Short descriptive text snippets:
= = = =

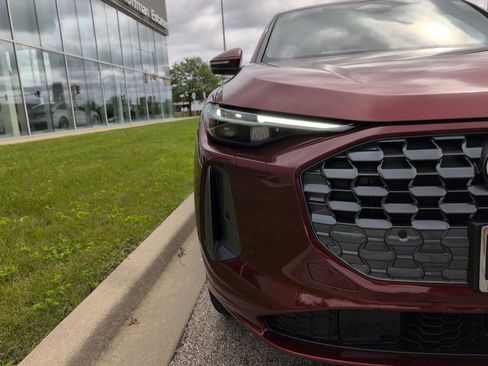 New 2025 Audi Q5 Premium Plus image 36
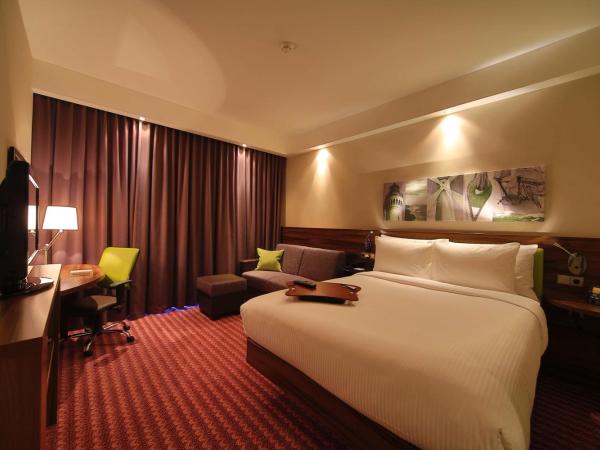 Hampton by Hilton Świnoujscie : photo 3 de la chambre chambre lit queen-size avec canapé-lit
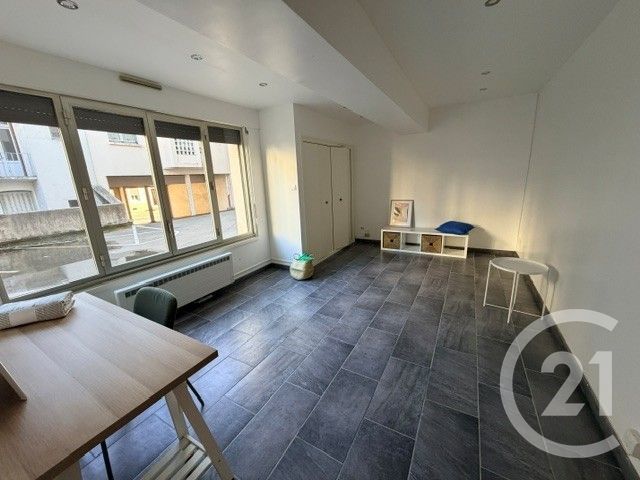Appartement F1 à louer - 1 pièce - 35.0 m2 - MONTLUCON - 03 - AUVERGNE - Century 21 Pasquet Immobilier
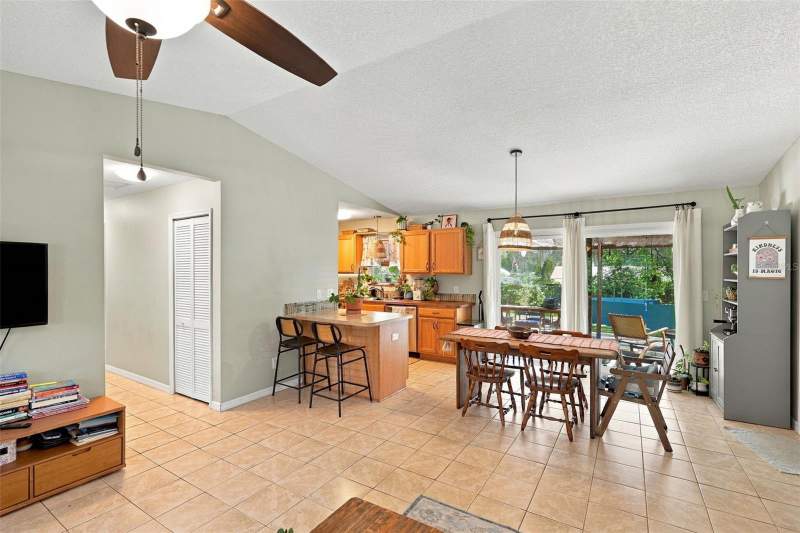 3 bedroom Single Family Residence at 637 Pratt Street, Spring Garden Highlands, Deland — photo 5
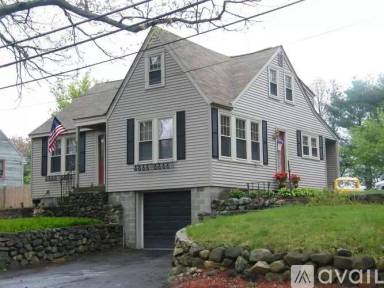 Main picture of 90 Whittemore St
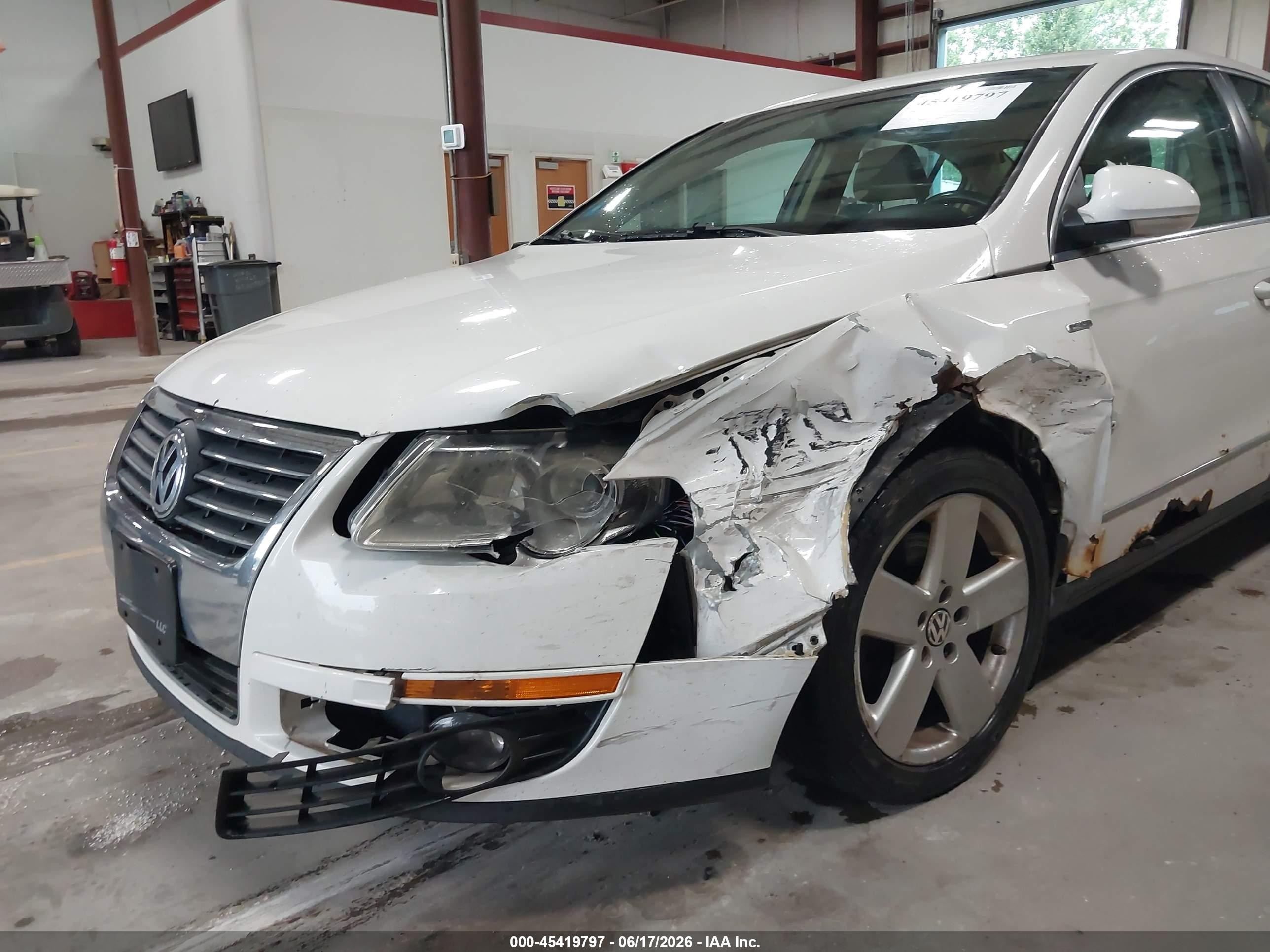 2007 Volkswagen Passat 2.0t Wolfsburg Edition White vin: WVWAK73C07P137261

= = = =

Prompt:
Output, exactly and only, the lines beginning with the one that contains "Appartement F1 à" and ending at the last line of the records above. Drop the pictures.

Solution below:
Appartement F1 à louer - 1 pièce - 35.0 m2 - MONTLUCON - 03 - AUVERGNE - Century 21 Pasquet Immobilier
 3 bedroom Single Family Residence at 637 Pratt Street, Spring Garden Highlands, Deland — photo 5
 Main picture of 90 Whittemore St
 2007 Volkswagen Passat 2.0t Wolfsburg Edition White vin: WVWAK73C07P137261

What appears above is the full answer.